§ SOURCE MATERIAL:
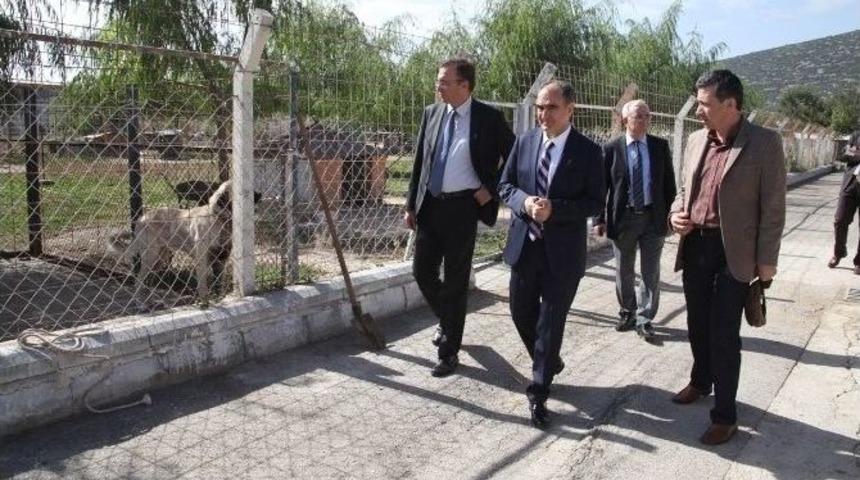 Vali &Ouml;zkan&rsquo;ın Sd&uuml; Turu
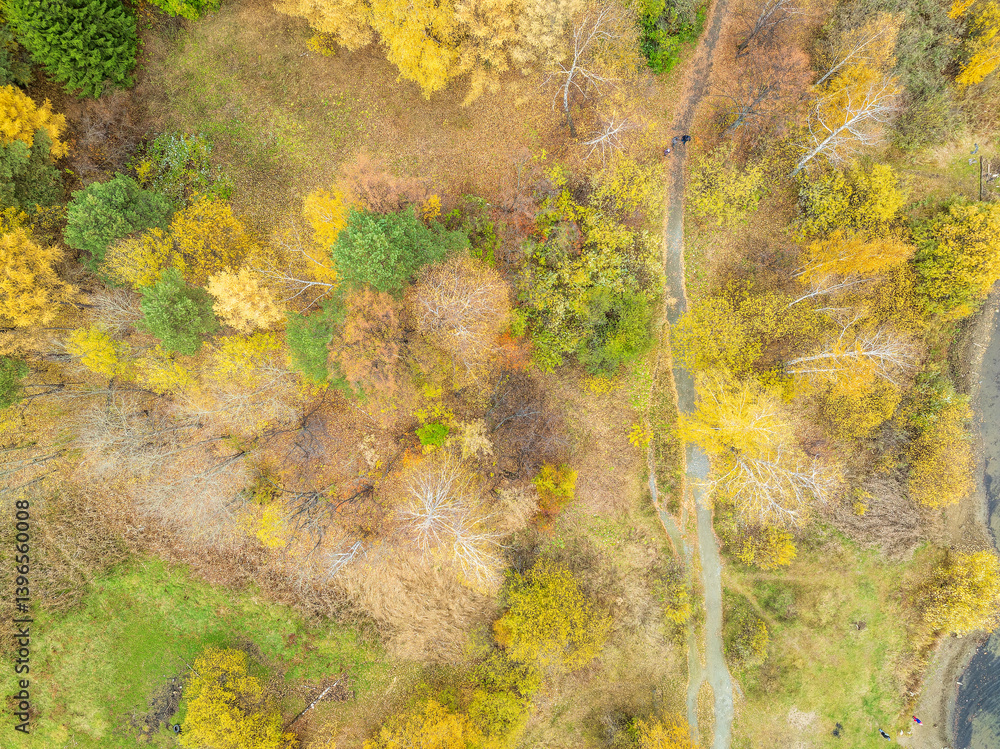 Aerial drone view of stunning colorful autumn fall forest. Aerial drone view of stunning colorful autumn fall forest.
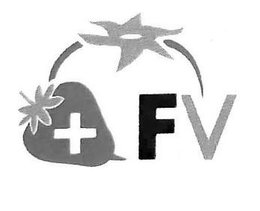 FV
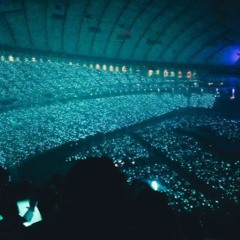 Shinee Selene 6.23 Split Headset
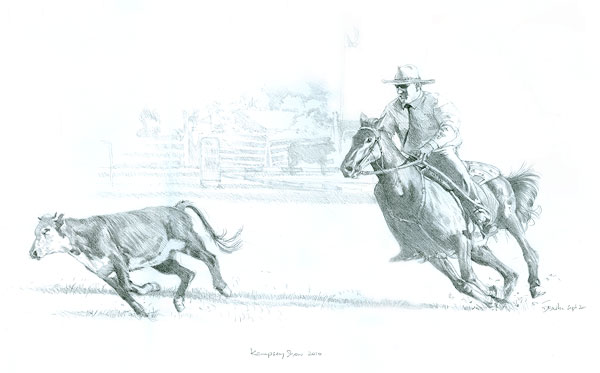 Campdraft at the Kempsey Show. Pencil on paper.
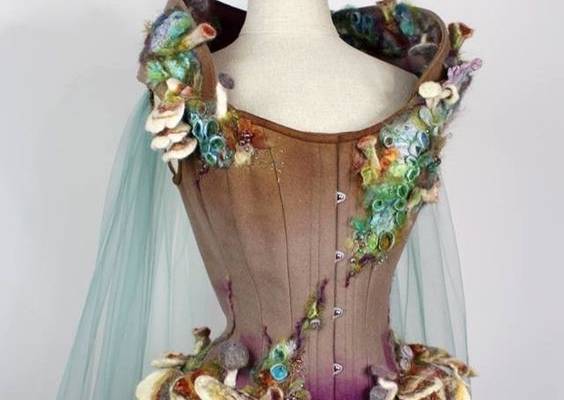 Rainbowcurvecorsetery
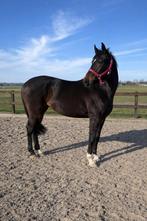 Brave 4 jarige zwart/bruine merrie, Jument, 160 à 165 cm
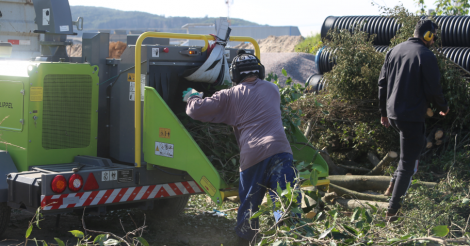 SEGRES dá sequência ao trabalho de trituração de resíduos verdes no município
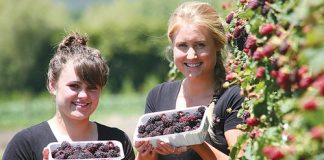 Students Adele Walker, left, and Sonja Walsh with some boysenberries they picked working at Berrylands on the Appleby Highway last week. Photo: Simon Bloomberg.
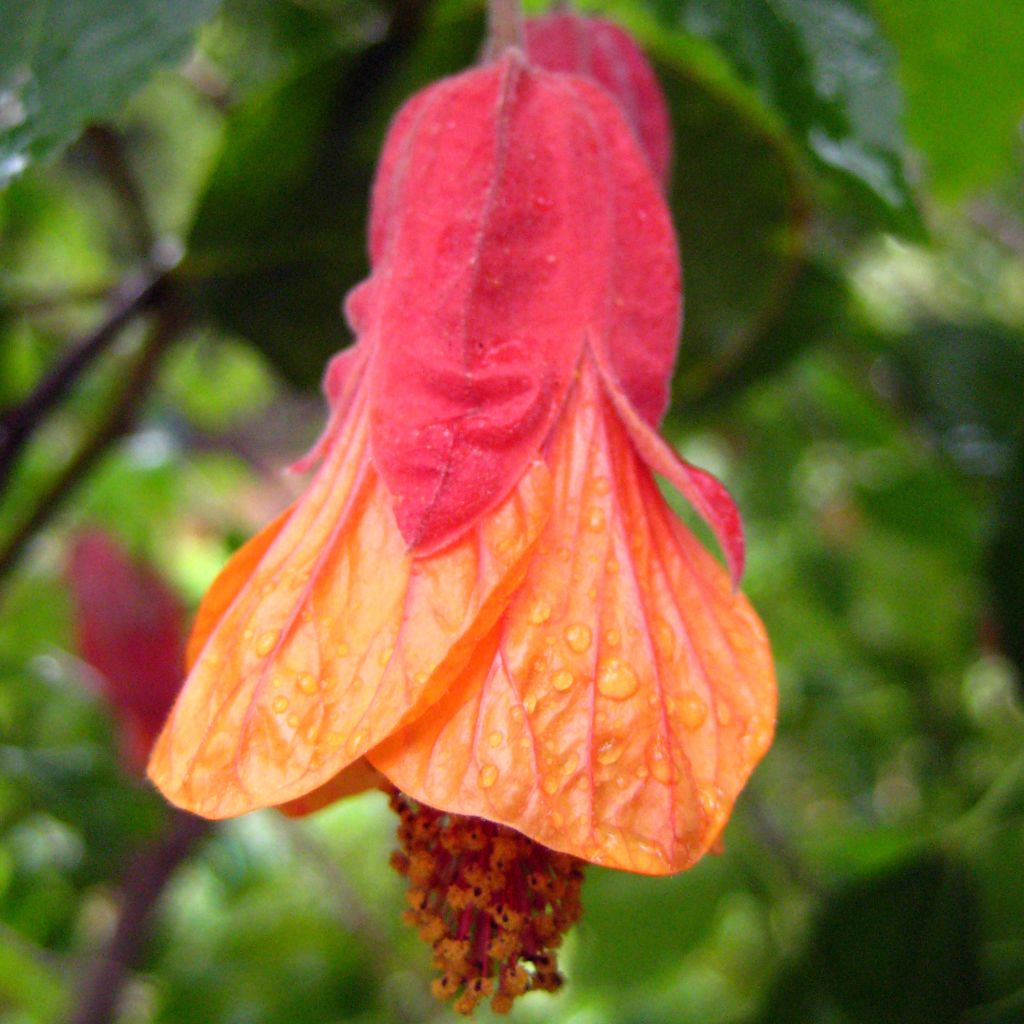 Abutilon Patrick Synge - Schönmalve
==
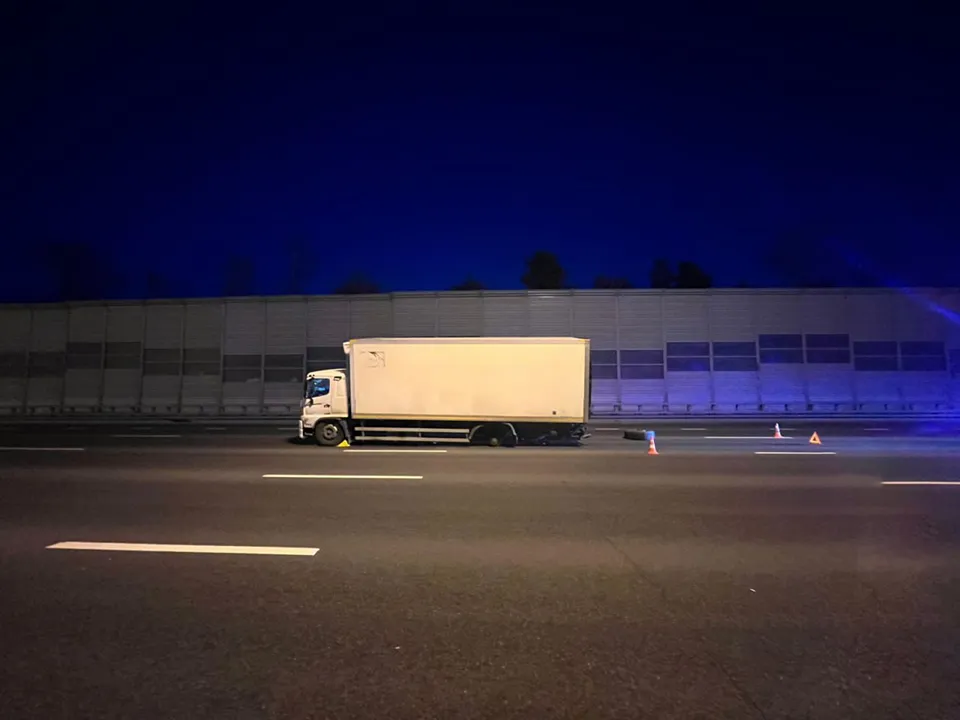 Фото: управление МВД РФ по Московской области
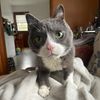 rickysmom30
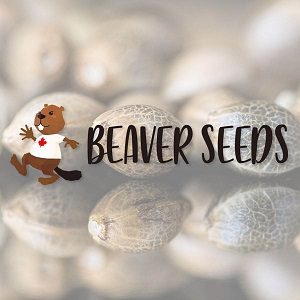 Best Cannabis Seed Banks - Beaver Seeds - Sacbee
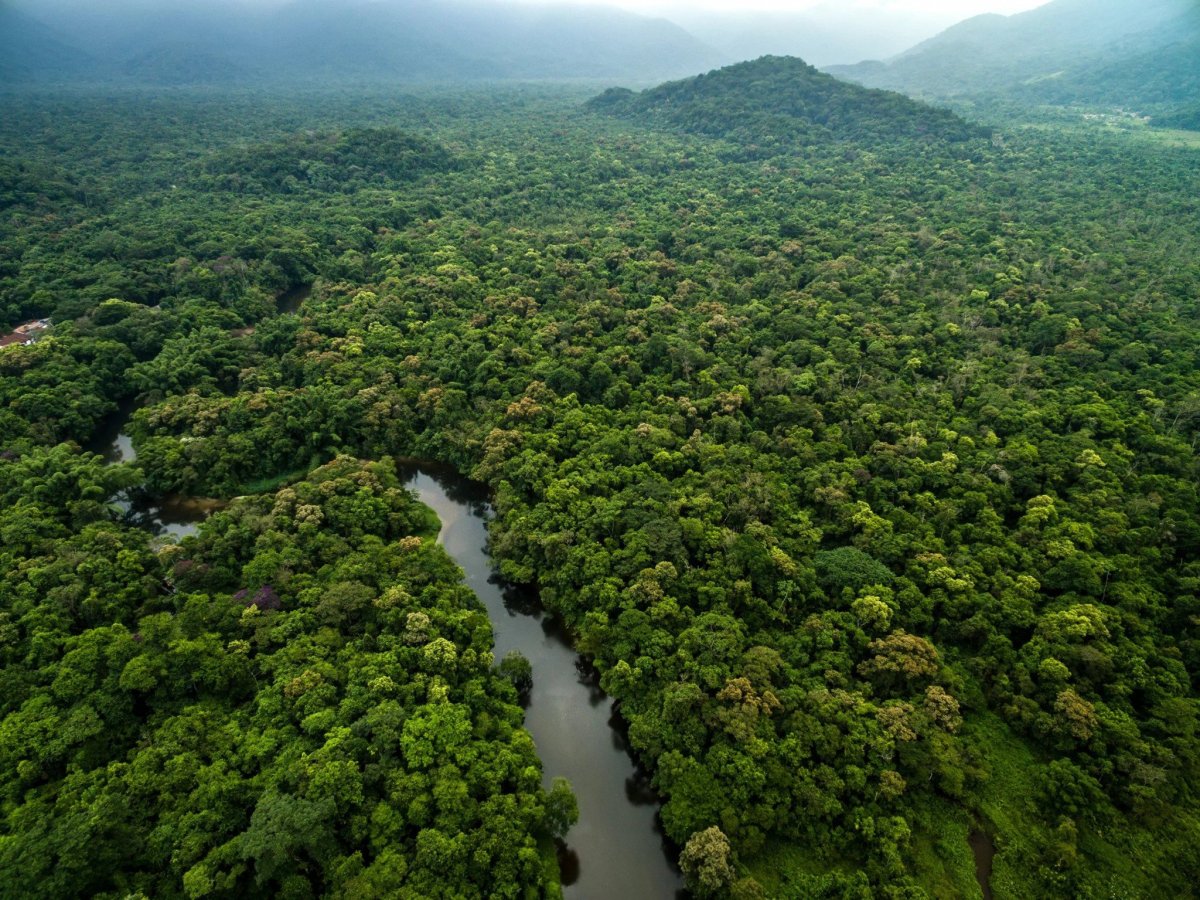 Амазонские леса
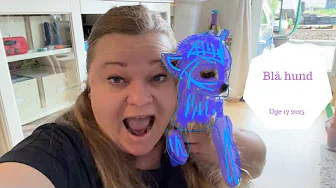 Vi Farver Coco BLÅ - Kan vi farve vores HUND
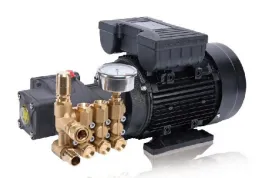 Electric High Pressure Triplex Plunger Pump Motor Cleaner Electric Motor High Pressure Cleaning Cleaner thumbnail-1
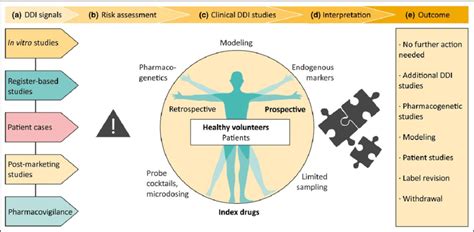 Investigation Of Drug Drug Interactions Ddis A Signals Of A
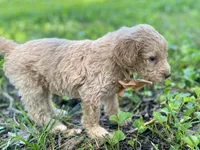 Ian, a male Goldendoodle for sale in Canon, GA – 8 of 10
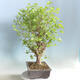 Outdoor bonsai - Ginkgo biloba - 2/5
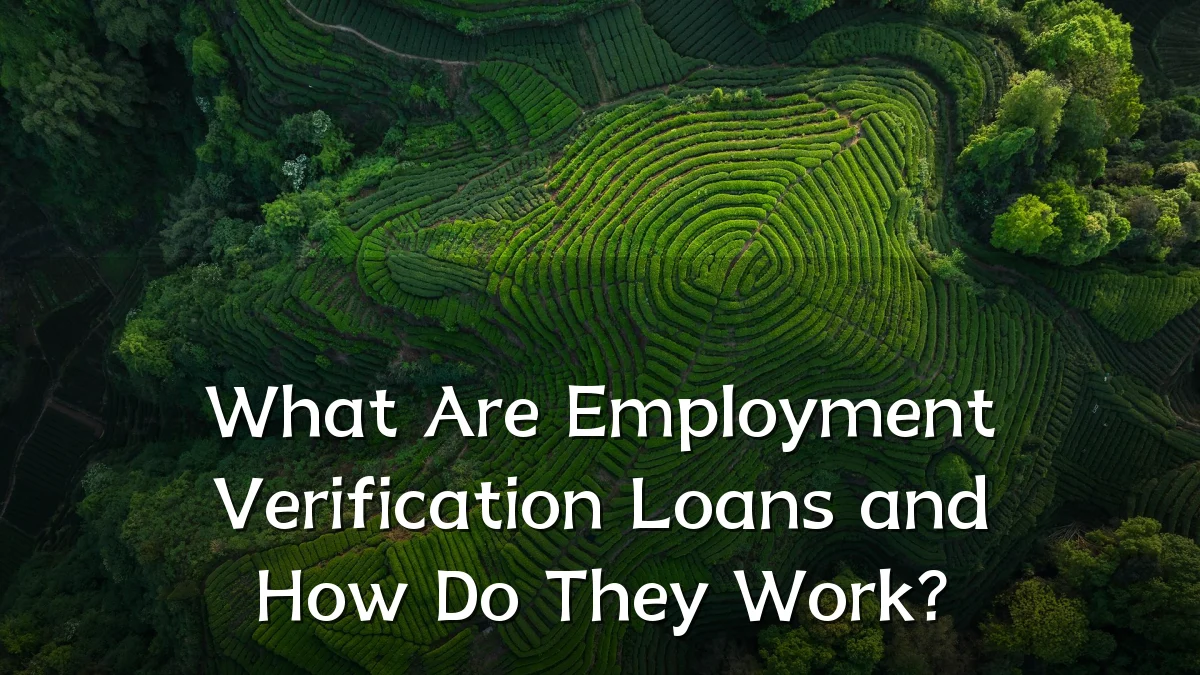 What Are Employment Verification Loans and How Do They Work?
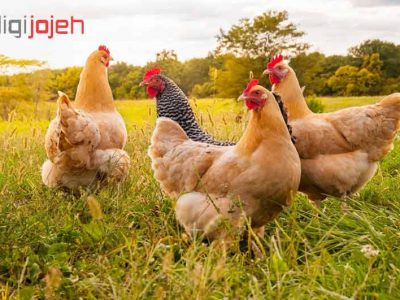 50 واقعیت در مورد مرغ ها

§ WORK TO COMPLETE:
Above are the records; copy exactly the lines from the one with "Vali &Ouml;zkan&rsquo;ın Sd&uuml; Turu" through the one with "Brave 4 jarige", including both, and nothing more. Leave out pictures.

§ RESPONSE:
 Vali &Ouml;zkan&rsquo;ın Sd&uuml; Turu
 Aerial drone view of stunning colorful autumn fall forest. Aerial drone view of stunning colorful autumn fall forest.
 FV
 Shinee Selene 6.23 Split Headset
 Campdraft at the Kempsey Show. Pencil on paper.
 Rainbowcurvecorsetery
 Brave 4 jarige zwart/bruine merrie, Jument, 160 à 165 cm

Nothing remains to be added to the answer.